Among the challengers was Gary Marbut, who owns a business that manufactures shooting range equipment and served as president of the Montana Shooting Sports Association. He wanted to manufacture a .22 caliber rifle, dubbed the “Montana Buckaroo,” that would not subject to federal firearms licensing.
But Judge Richard Clifton, writing for the appellate court, said Marbut's plans to sell his rifle only within the state do not make those activities free of federal oversight.
“Even if Marbut never sells the Buckaroo outside of Montana, Congress could rationally conclude that unlicensed firearms would make their way into the interstate market,” the judge wrote.
And Clifton said that does not change even if the weapon were stamped “made in Montana,” just like there a similar “made in Arizona” provision in the law here.
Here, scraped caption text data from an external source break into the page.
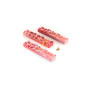 Форма для шоколаду Silikomart Goccia B 120x25 h16 мм 8 шт (CH009) Форма для шоколаду Silikomart Goccia B 120x25 h16 мм 8 шт (CH009)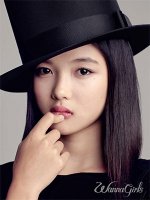 Kim Yoo Jung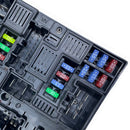 Moduł skrzynki bezpieczników do Renault Koleos II Kadjar BSM 284B67853R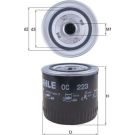 Ölfilter OC 223 Ölfilter OC 223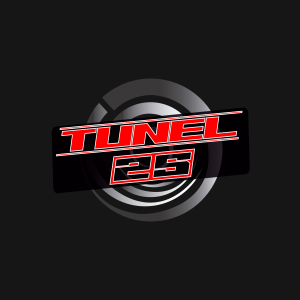 Túnel 25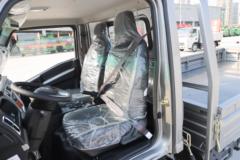 东风福瑞卡 福小瑞M5Q 1.6L 120马力 汽油 3.8米单排栏板微卡(灰色)(EQ1039S3EDF)
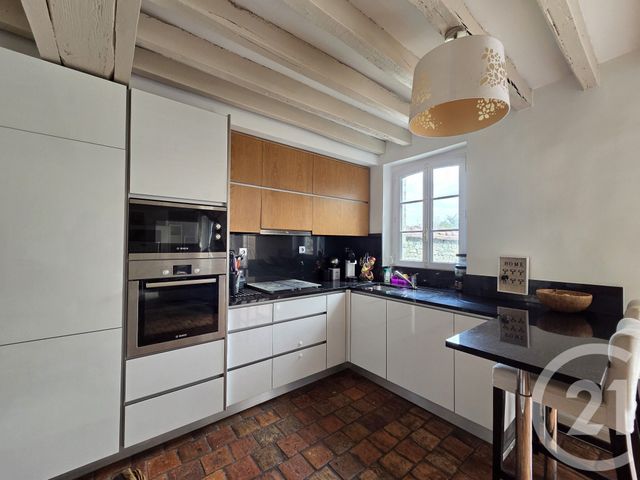 Maison &agrave; vendre - 6 pi&egrave;ces - 120 m2 - Chateau Landon - 77 - ILE-DE-FRANCE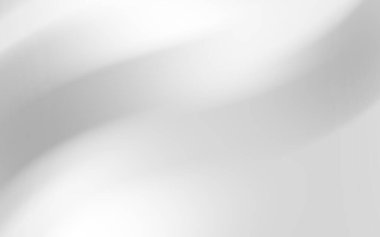 Yumuşak gri ve beyaz tonların soyut girdapları sanatsal tasarımlar için sakin bir zemin oluşturuyor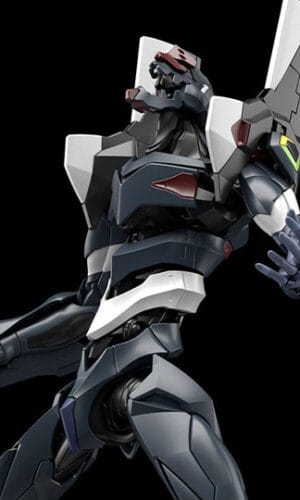 Bandai Rebuild of Evangelion RG EVA Unit-03 (ESV Shield Set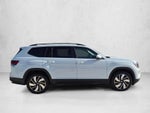 2024 Volkswagen Atlas 2.0T SE w/Technology FWD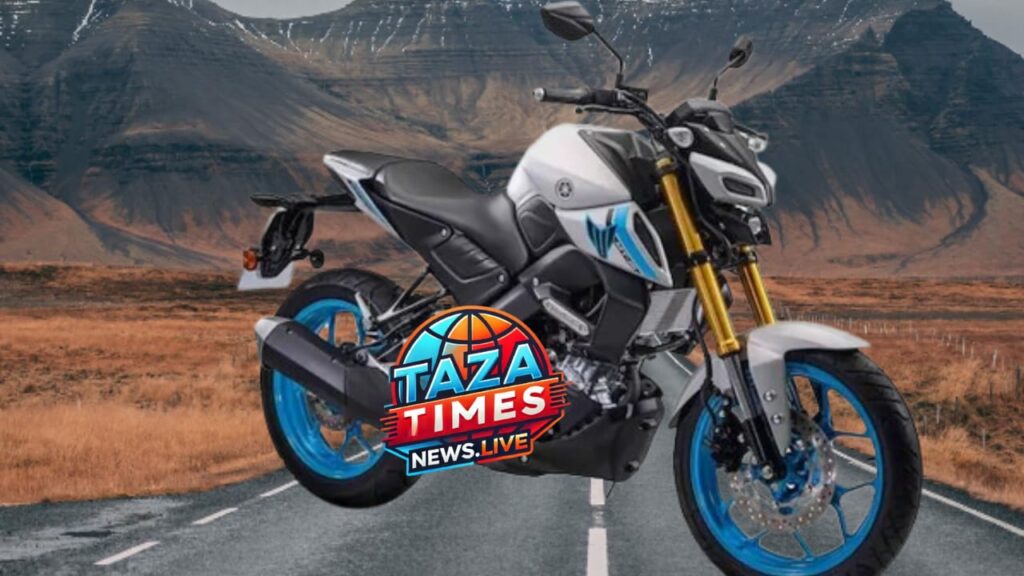 The 2025 Yamaha MT-15 has been launched, but there's a catch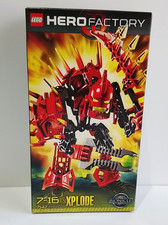 Lego Hero Factory 7147 XPlode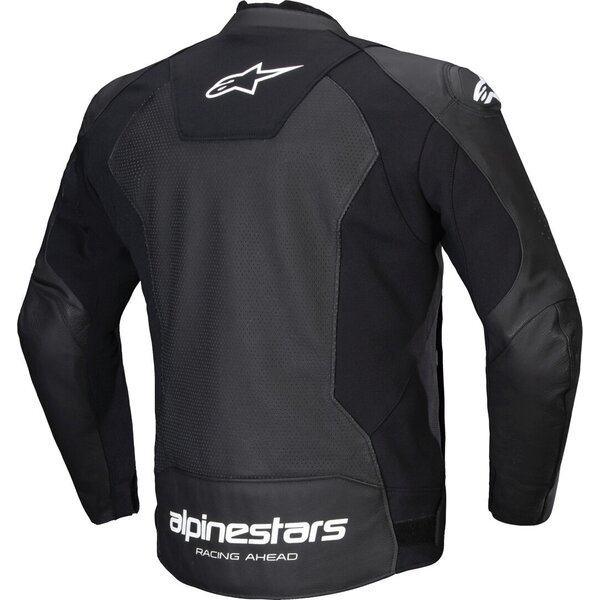 Geaca de piele Alpinestars Faster V3 Airflow [2]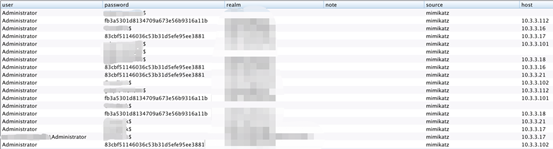 细说渗透江湖之柳暗花明又一村
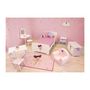 Voir la diapositive 3 : Fun House Lit avec sommier a lattes - Danseuse Ballerine - FUN HOUSE - 140 x 70 cm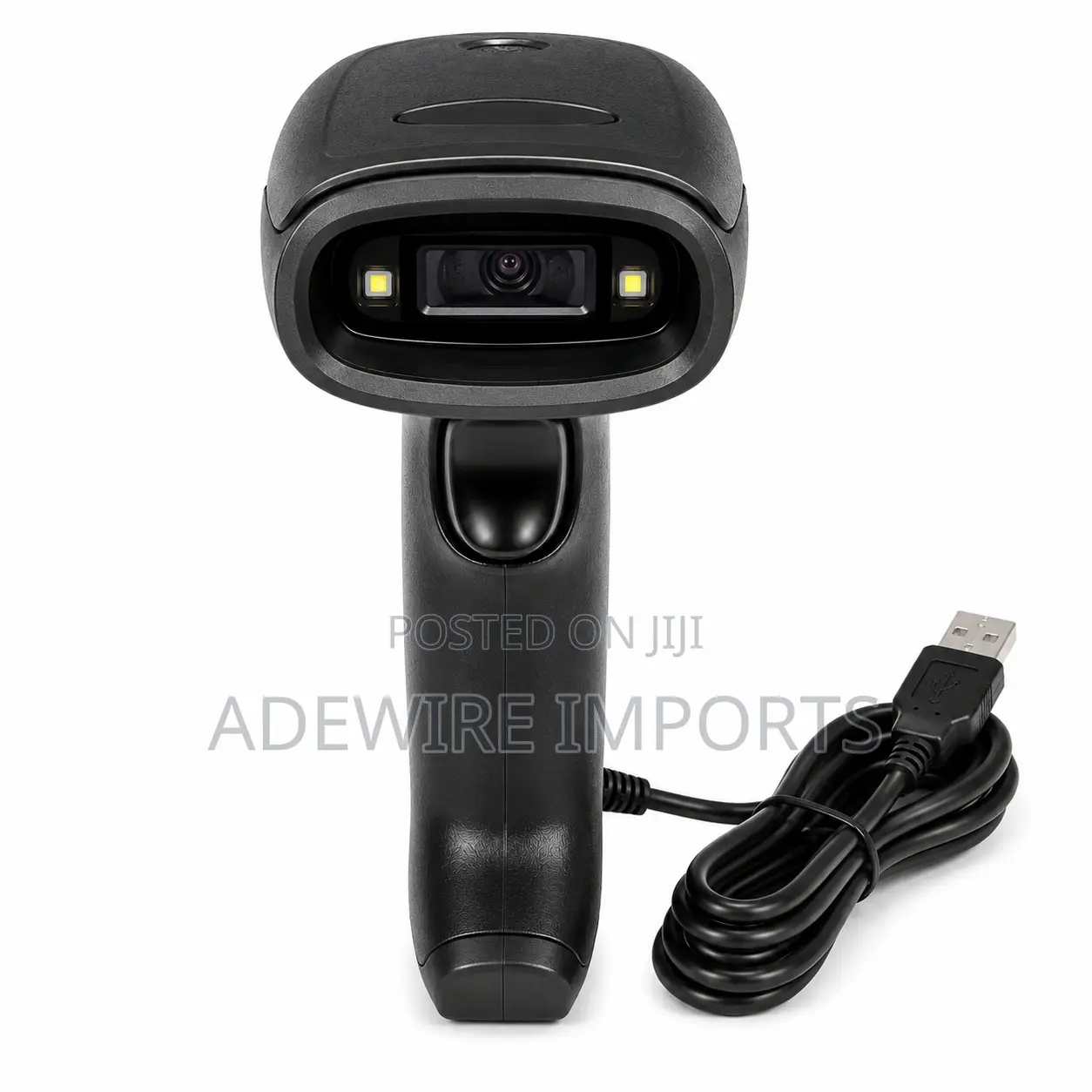 Barcode Reader 2d With Vat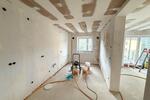 Bevorzugte Lage im beliebten Geistviertel - kernsanierte OG- Wohnung mit Balkon zimmer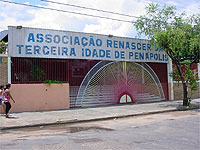 Terceira Idade sorteia Fusca e kit churrasco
He said such a stamp “will not deter those seeking to purchase unregistered firearms in the interstate black market.”
Brewer press aide Andrew Wilder said the governor's office was still studying the ruling and its effect on Arizona law.
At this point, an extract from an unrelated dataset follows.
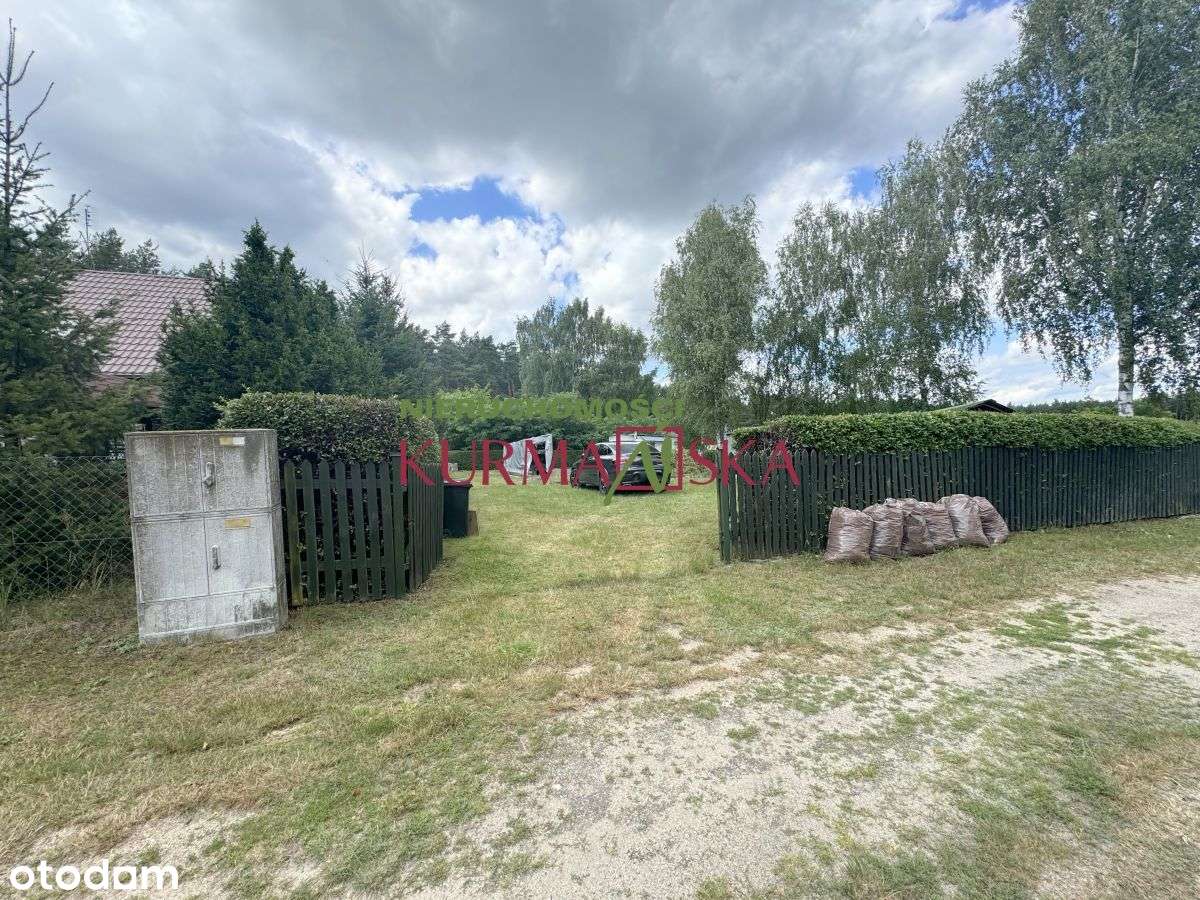 Działka nad jeziorem w Bronkowie - Pełny obrazek: 5/15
Dranias, one of the attorneys who argued before the appellate court, said he thinks there still is a case to be made for the right of states to free their residents from federal firearms regulations.
On the surface, he said there is no reason for the federal government to preclude local manufacture simply based on the possibility of a weapon leaving the state.
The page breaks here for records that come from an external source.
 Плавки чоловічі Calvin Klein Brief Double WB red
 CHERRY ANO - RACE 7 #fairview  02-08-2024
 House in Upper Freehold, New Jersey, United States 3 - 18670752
“You prosecute it when it crosses state lines,” Dranias said. “What happens within the states that is not intrinsically interstate should be hands off from the federal government.”
Still, Dranias conceded there is a long line of case law that have allowed federal regulation of locally produced items simply because they might wind up crossing state lines, including crops and even marijuana.
But Dranias said all that may now be changed because of that June ruling on DOMA saying that states and not the federal government are entitled to decide who can wed.
More to the point, the Supreme Court said the federal government has to recognize those decisions as part of the “core powers” of a state. And that means someone considered married by a state gets that status for things like federal tax and inheritance laws.
Dranias said the manufacture of items like weapons designed to remain within the borders of a state are also within the same “core powers.”